安元 同じ言葉を繰り返してしまっているようなところも、あえてそのままやってしまうという。
谷山 吹き出し以外のちょっとした……。
安元 ト書きとか。
谷山 そういったところでのやり取りもガヤみたいな形で、台本で形にされていたので、その「忠実さ」がある意味新鮮だったところはありましたよね。漫画原作をうたうほかの作品でも、なかなか実現しづらい部分だと思うんですよ。今までいろいろと漫画原作のアニメをやってきましたけど。逆に言えば、そういう魅力もある作品だとは思いました。
安元 聞いていると違和感を覚えることもあるんですけど、台本を与えられたあとに原作を読んでみると確かに言っているんですよね。だから、「あ、なるほど。わざとなんだ」と察することができましたね。もちろん、違和感がありすぎてはダメだけど、制作陣全員でその方向性を成立させていく、というのは少し不思議な体験で。でも楽しかったですよ、うん。
――小野さんとしては、1期ではまだダーク・シュナイダーたちとからむことはほぼありませんでしたが、どのように物語を見ていましたか?
小野 誰かと会話することが少ないので、一人旅をずっとしているような印象はありました。僕は作品に参加するにあたって原作を初めて読ませていただいたんですけど、その中で感じていた「最強のダークヒーローという爽快感」、そこを紀章さんのお芝居にもすごく感じながら見ていましたね。
――谷山さん演じるダーク・シュナイダーの突き抜け方については、皆さんが印象に残った部分としてあげますね。2期から参加の方々、たとえば寺島拓篤さんもおっしゃっていました。
谷山 あのテラシーが(笑)。
安元 俺も別のところで褒めておきました。
谷山 ありがとう(笑)。
安元 いや、実際、圧倒的なテンションを出さなければいけないときに出してくれていたし、座組の真ん中にいる方がそれだけの火力を持って臨んでいると、おのずと周りの僕たちも引っ張りあげてもらえますよね。思う存分やらせてもらった感じはあります。月並みな言い方になるんですけど、シャウトがかっこいいんですよ。
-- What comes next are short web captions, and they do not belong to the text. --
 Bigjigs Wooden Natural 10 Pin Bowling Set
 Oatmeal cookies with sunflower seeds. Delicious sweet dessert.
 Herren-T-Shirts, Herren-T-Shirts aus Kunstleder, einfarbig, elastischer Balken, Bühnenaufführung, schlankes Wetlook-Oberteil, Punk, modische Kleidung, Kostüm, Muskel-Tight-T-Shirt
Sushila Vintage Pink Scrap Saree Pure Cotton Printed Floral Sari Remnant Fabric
――GRANRODEOのボーカルでもあるところが伝わってくるような?
安元 そこも根幹にあるのかもしれないけど、台詞という言葉としてもかっこよかったんですよね。谷山さんにしかできない「シャウト」がそこにはあったから。
谷山 あの安元さんが(笑)。
安元 (笑)。聞いていても楽しかったですよ。
小野 安元さんが今おっしゃったところって、本当に僕が演じるカル=スとは真逆のところで。テンションにしても。だから、先輩のそういう姿を見るとなんか……。
谷山 「いい年してがんばってんなー」って?(笑)。
小野 いやいや(笑)。僕も出しきりたいという気持ちにはずっとなっていましたね。
安元 確かに。それはそう。
小野 カル=スに関しては、エネルギーを発散するお芝居がなかったので、そこは見ていてうらやましい部分でした。むしろ演じるカル=スと重なるところだったかもしれないですね。憧れるというか。
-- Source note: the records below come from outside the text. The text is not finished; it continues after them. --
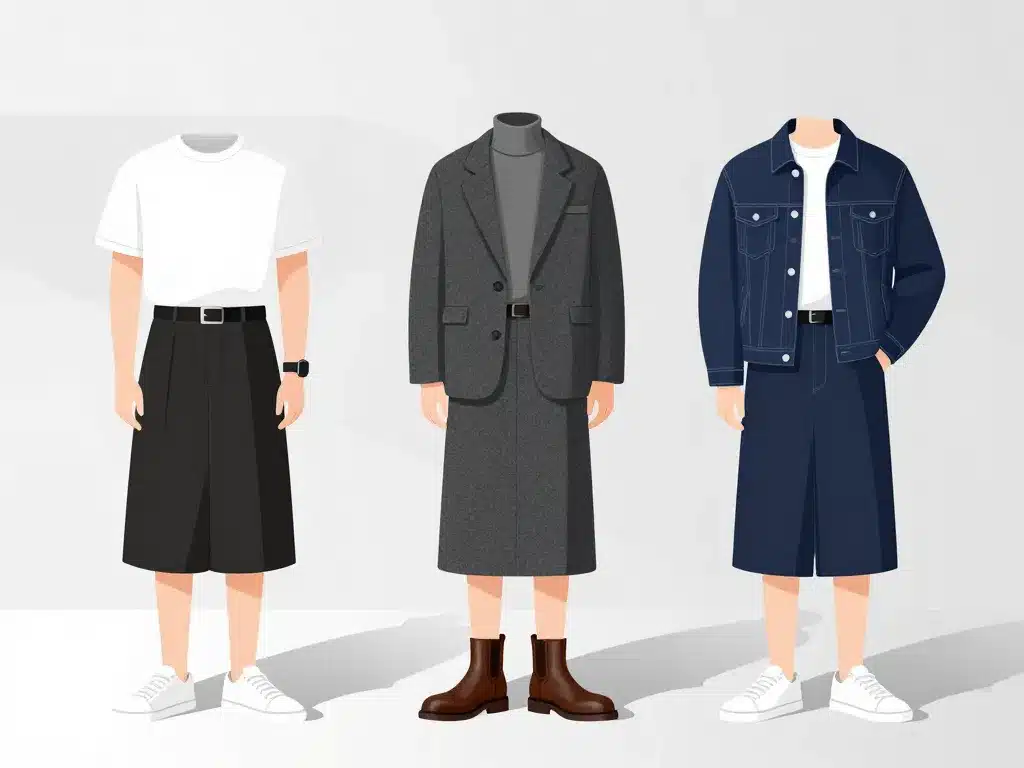 Looks équilibrés avec jupe homme sneakers blazer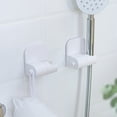 thumbnail image 1 of Soporte de ducha sin taladro Soporte de pared ajustable | Estante de almacenamiento colgante de baño para cabezal de ducha | Plástico blanco | Fácil de instalar | Incluye gancho | 7,9x7,5x5,3cm, 1 of 6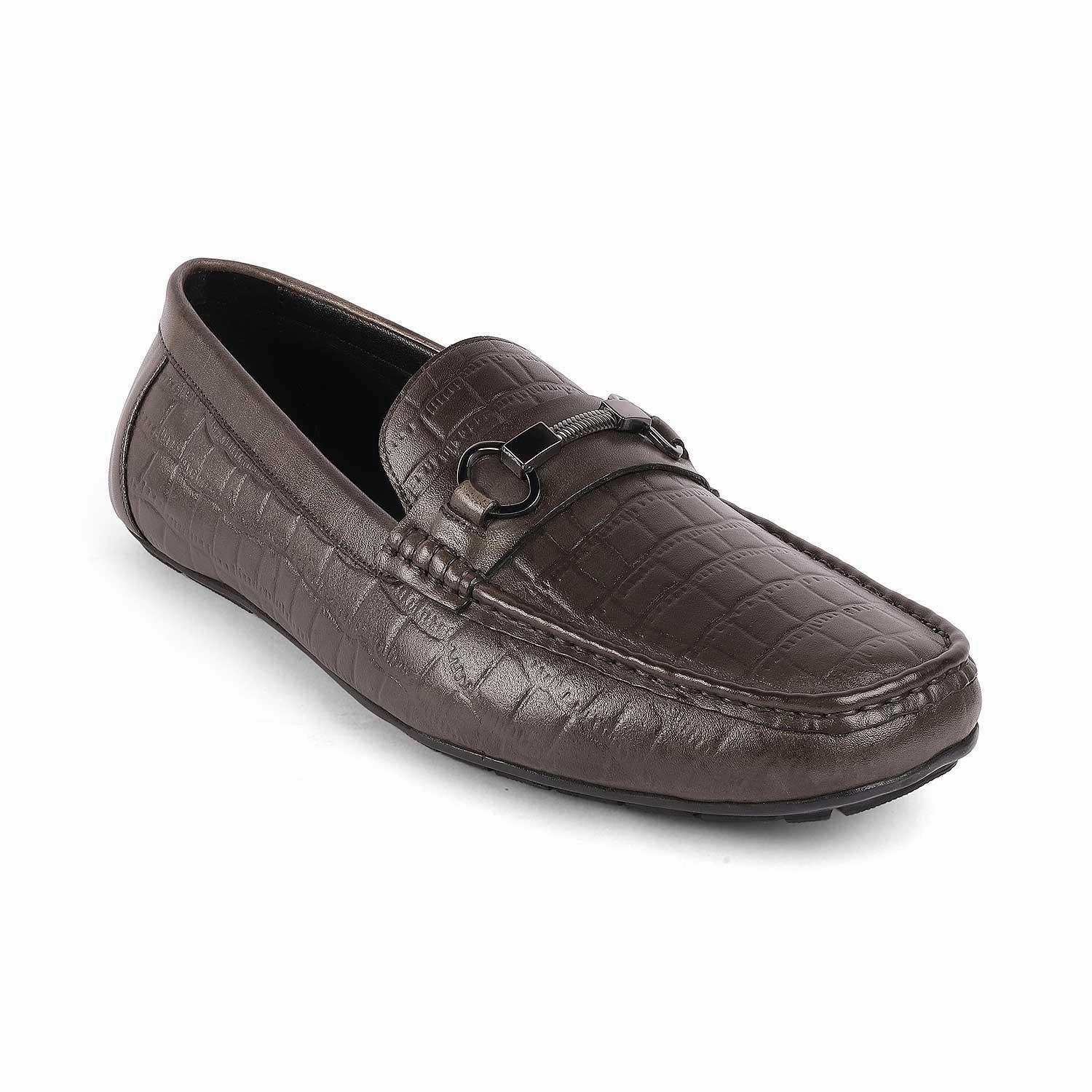 Gg Loafers Tresmode Miluck Grey Men's Textured Leather Driving Loafers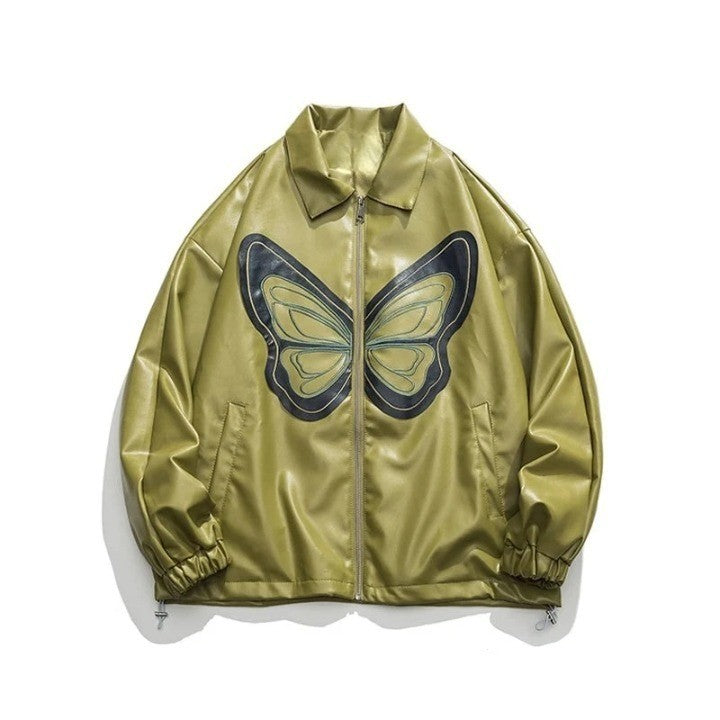 Butterfly Leather Motorcycle Jacket     - VONVEX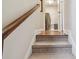 Carpeted staircase with a wooden handrail leading to a landing area near the laundry room at 6140 Marina Cove S Way, St Petersburg, FL 33712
安元 いや、みんなそうだから。みんながダーク・シュナイダーに憧れているからね。
小野 うん、そこはすごく感じていました。
谷山 いや、でも、みんなが本当に役とハマっている印象はありましたよ。リップサービスというわけではなく。男性陣を見ても見事ですよね。素晴らしいキャスティングだというのはすごく思います。
現場でも圧倒される演技
――第2期に関しては、アンスラサクスの登場、しかも声がつくのは初めて、かつ演者が小山茉美さん、というところで、いやおうなく期待を高められています。現場での感覚としてはいかがですか?
谷山 あらためて完パケ、できあがった映像で聞いたらすごかったですね。怖かったです。
安元 高貴でね。
谷山 アンスラサクスは際立った存在に行き着いているので、「誰が声をあてれば?」というところはあったと思うんですよ。そこでの小山さん登場でしょう?
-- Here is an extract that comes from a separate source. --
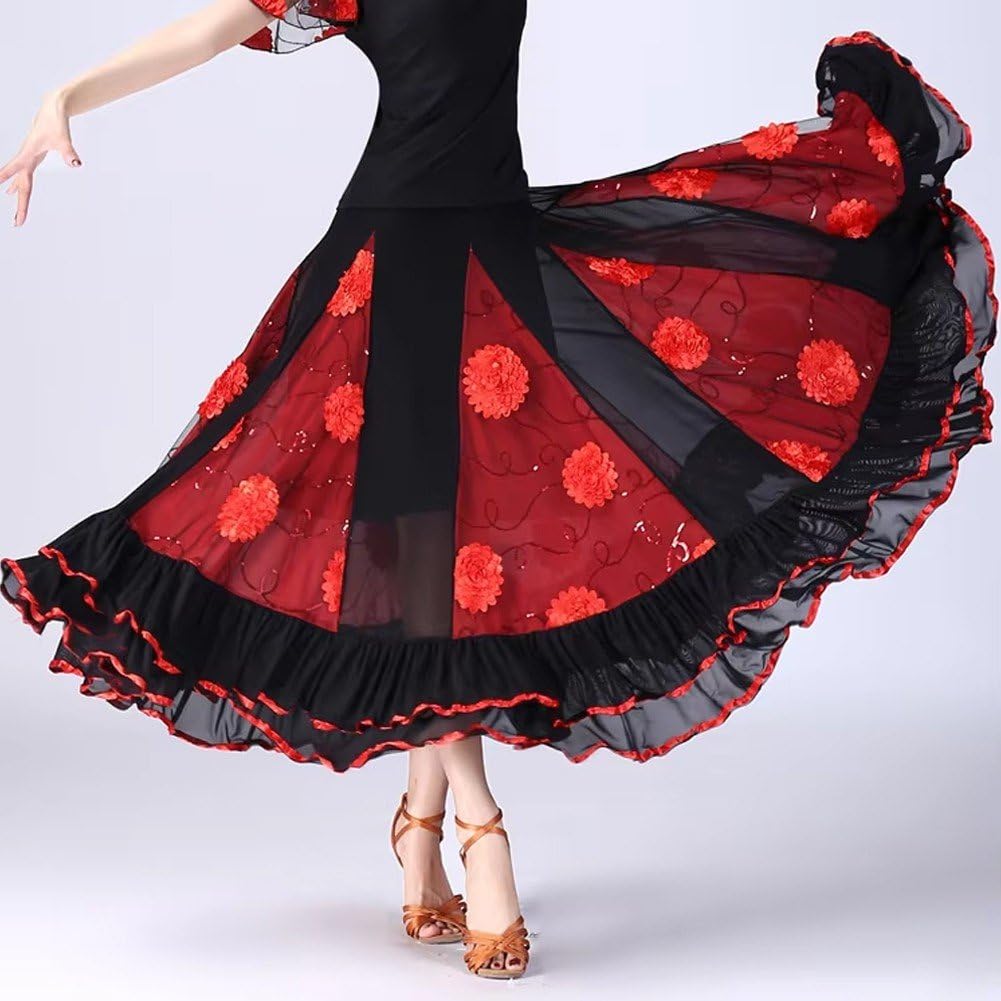 Jupe De Danse Sociale Grande Jupe Pivotante Jupe De Danse Moderne pour Les Femmes Danse Performance Compétition Pratique Costume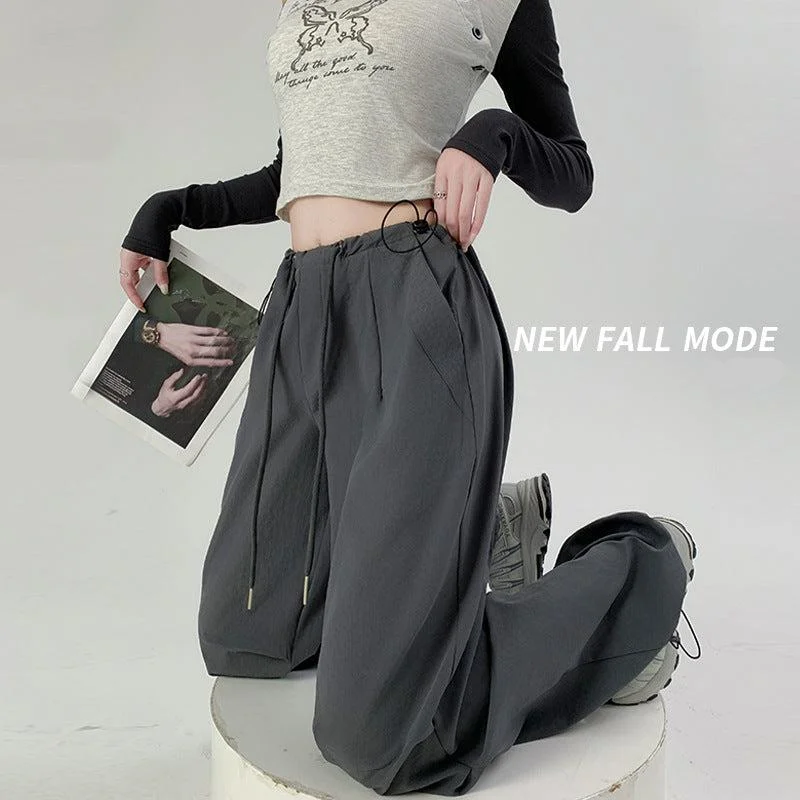 Straight - Leg Women's Vegan Leather Pants for a Chic LookHigh waist casual parachute pants slim loose wide leg pants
安元 いや、妙な説得力がありましたよね。「あ、アンスラサクスってこういう感じなんだ」っていう。
谷山 変な言い方ですけど、ちゃんと怖かったんですよ、アンスラサクスが。禍々(まがまが)しさをしっかりと感じられました。そこも今回のキャスティングの素晴らしさですよね。だって、過去に制作されたOVAやドラマCDでは小山さんは別の役を演じていましたからね。
安元 アーシェス・ネイを。
谷山 それが今回はアンスラサクスなので。ご本人もアフレコスタジオのロビーで「アンスラサクスになっちゃったよー」って言ってましたけど(笑)。
安元 (笑)。でも、子安(武人)さんも過去のドラマCDではサムライ・マスター(ヨシュア・ベラヒア)だったのがダイ=アモンですからね。
谷山 過去のOVAの千葉(繁)さんを引き継いでのね。いや、あのラインはすごいよ。
安元 めっちゃ面白かった。
谷山 ダイ=アモンは面白かったね。
――お三方が第1期で印象に残っている台詞やキャラクターというと……。
安元 じゃあ、僕はそのダイ=アモンで。
谷山 そうなるんだよね。
安元 男の子なら、シーン・ハリとダイ=アモンはどっちも大好きだと思います。
谷山 役があいまっていたのもあって、子安さんがダイ=アモンというキャラを仕上げてきていたよね。
安元 ちゃんとチャーミングになっていたんですよ。
谷山 いや、子安さんはすごい。
安元 ホント、化け物声優ですよ。
谷山 ね? で、また声がすごく強いんだよね。
小野 僕は、(アビゲイル役の)杉田(智和)さんかな。1期のクライマックスを飾るキャラクターということもあってすごく印象に残っていますね。あのしぶとさとか、なんでひっくり返っているんだろうとか。
安元 顔がね。
小野 そう(笑)。でも、生死を賭けた戦いの中に面白いエッセンスを込める、というのは「BASTARD」の魅力のひとつだな、ということもすごく感じました。
谷山 作品という観点からい言えば、やっぱり、第1期は伝説のスライム回をあげざるを得ないですかね。第4話の。尾崎(隆晴)監督がキャリアの全てをかけた、これができたからもう悔いなしと思った、というね。いや、早いよ!(笑) でも、やっぱりあのシーンは力が入っていたし、ダーク・シュナイダーがからむシーンではないんですが第1期の見どころではありますね。
――では最後に、第2期の見どころについても教えてください。
安元 まずは、キャラクター数が増えて、その魔戦将軍側にもいろいろあるし、侍たちにもいろいろあるし。
谷山 そういう言い方したらそれで全部だろ? 「右に同じ」としか言えないよ。
安元 そう、みんな「いろいろある」。
谷山 でも、登場人物が一気に増えるというところは大きいですね。確かにそこは大きな焦点になると思います。
安元 あとはヨーコさんの成長かな。
谷山 いいこと言うわ。
小野 髪の毛の長さですよね。
谷山・安元 そこ?
谷山 物理的な成長じゃん(笑)。